Si decía Benedetti que el fútbol es siempre un regreso a la infancia, déjenme que este artículo siga el dedo de mi padre

En estos tiempos digitales movidos por la globalización y el dinero, se está perdiendo la percepción del jugador de fútbol como héroe de nuestro pequeño mundo de sueños, donde el recuerdo de aquel partido, de aquel gol, de aquella tarde perdida en el tiempo, no sólo no ha desaparecido, sino que revive en el imaginario colectivo cada domingo. Ya apenas quedan extremos habilidosos, ni defensas leñeros con bigote, ni siquiera hay barro en esos modernísimos campos como alfombras verdes. Ve uno hoy a los niños jugando a la Play y no sabe si los muñecos de asombroso parecido imitan a los futbolistas, o son más bien éstos los que imitan a los muñecos. Ahora todo es entretenimiento, imagen, derechos televisivos y tatuajes, muchos tatuajes.

Precisamente hoy miércoles mi equipo homenajea a uno de los últimos futbolistas que podríamos encuadrar como jugador de culto, el gran Enrique Montero. En aquel Sevilla en blanco y negro de mi niñez, sin títulos ni dinero, Montero era para nosotros la esencia misma del jugador de clase que nos diferenciaba de los de arriba, la frente alta y el balón al pie, melenita setentera, regate inverosímil entre un bosque de piernas, el triunfo de la fragilidad sobre la fuerza. El mejor intérprete, ay, de la desaparecida escuela sevillana, aunque hubiera nacido en El Puerto.
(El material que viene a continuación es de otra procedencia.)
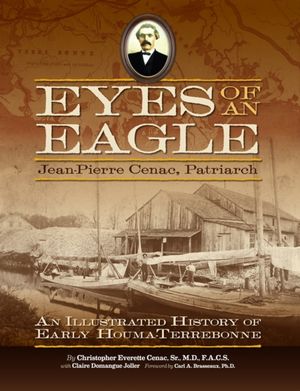 Eyes of an Eagle: Jean-Pierre Cenac, Patriarch: An Illustrated History of Early Houma-Terrebonne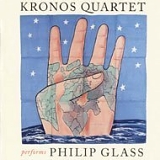 Kronos Quartet - Kronos Quartet Performs Philip Glass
Promesa incomprendida al principio y sin embargo aclamada como un ídolo después, había un halo de misterio en esa forma personalísima de entender el juego, artista y fugaz, truncada en la noche terrible del Carranza. "A mí me echó del fútbol la lesión de Montero", me confesaba no hace mucho un catedrático de mi universidad.
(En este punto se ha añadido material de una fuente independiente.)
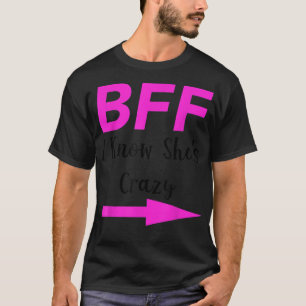 Camiseta BFF Conozco Shes Crazy Mating Friends Arrow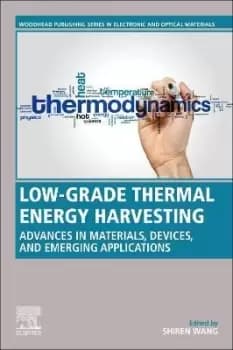 Low-Grade Thermal Energy Harvesting by Shiren Wang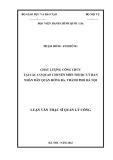 Luận văn Thạc sĩ Quản lý công: Nâng cao chất lượng công chức tại các cơ quan chuyên môn thuộc Uỷ ban nhân dân quận Đống Đa, thành phố Hà Nội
Si decía Benedetti que el fútbol es siempre un regreso a la infancia, déjenme que este artículo siga el dedo de mi padre en la vieja tribuna sin cubierta ni asientos señalando al número once, al delantero finísimo, ése, ése, una tarde cualquiera de invierno a finales de los setenta, y entre todos homenajeemos (aquí, como en los viejos álbumes del colegio, ponga cada lector el nombre que prefiera) a quienes siendo de aquí y sin tanto ruido tanto nos dieron. Y después, cuando nos den la matraca a todas horas en la tele con las genialidades de Messi o de ese Cristiano insoportable, digamos como hago yo hoy jugando el partido sin tiempo de la nostalgia: sí, vale, de acuerdo…, pero ninguno de todos ellos tiene la clase de Montero.